• _RECORD SET_:

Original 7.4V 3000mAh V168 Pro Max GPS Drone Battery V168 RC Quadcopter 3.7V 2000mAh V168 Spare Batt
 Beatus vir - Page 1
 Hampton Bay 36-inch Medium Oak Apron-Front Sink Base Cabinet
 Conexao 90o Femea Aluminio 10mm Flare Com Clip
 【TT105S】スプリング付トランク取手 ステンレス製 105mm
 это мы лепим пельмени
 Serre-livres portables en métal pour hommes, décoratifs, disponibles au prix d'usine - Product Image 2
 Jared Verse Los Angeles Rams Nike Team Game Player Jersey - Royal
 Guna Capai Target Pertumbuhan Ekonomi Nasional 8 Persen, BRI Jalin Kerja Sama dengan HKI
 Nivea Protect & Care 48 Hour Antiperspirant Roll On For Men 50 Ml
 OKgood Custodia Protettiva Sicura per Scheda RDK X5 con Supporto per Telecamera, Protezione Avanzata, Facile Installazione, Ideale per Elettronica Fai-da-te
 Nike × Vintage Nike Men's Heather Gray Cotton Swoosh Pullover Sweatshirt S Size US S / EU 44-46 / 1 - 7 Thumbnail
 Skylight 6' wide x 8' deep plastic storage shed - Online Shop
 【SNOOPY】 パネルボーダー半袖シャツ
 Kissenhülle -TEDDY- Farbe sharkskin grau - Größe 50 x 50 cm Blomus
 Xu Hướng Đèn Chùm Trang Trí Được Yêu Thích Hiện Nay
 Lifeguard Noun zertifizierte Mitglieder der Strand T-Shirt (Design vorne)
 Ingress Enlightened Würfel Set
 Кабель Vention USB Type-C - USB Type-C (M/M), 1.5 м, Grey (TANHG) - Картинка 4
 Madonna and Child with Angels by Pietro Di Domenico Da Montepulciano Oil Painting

• _GOAL OF THE EXERCISE_: Set down the listing again, exactly.

• _RESPONSE FOR THIS EXERCISE_:
Original 7.4V 3000mAh V168 Pro Max GPS Drone Battery V168 RC Quadcopter 3.7V 2000mAh V168 Spare Batt
 Beatus vir - Page 1
 Hampton Bay 36-inch Medium Oak Apron-Front Sink Base Cabinet
 Conexao 90o Femea Aluminio 10mm Flare Com Clip
 【TT105S】スプリング付トランク取手 ステンレス製 105mm
 это мы лепим пельмени
 Serre-livres portables en métal pour hommes, décoratifs, disponibles au prix d'usine - Product Image 2
 Jared Verse Los Angeles Rams Nike Team Game Player Jersey - Royal
 Guna Capai Target Pertumbuhan Ekonomi Nasional 8 Persen, BRI Jalin Kerja Sama dengan HKI
 Nivea Protect & Care 48 Hour Antiperspirant Roll On For Men 50 Ml
 OKgood Custodia Protettiva Sicura per Scheda RDK X5 con Supporto per Telecamera, Protezione Avanzata, Facile Installazione, Ideale per Elettronica Fai-da-te
 Nike × Vintage Nike Men's Heather Gray Cotton Swoosh Pullover Sweatshirt S Size US S / EU 44-46 / 1 - 7 Thumbnail
 Skylight 6' wide x 8' deep plastic storage shed - Online Shop
 【SNOOPY】 パネルボーダー半袖シャツ
 Kissenhülle -TEDDY- Farbe sharkskin grau - Größe 50 x 50 cm Blomus
 Xu Hướng Đèn Chùm Trang Trí Được Yêu Thích Hiện Nay
 Lifeguard Noun zertifizierte Mitglieder der Strand T-Shirt (Design vorne)
 Ingress Enlightened Würfel Set
 Кабель Vention USB Type-C - USB Type-C (M/M), 1.5 м, Grey (TANHG) - Картинка 4
 Madonna and Child with Angels by Pietro Di Domenico Da Montepulciano Oil Painting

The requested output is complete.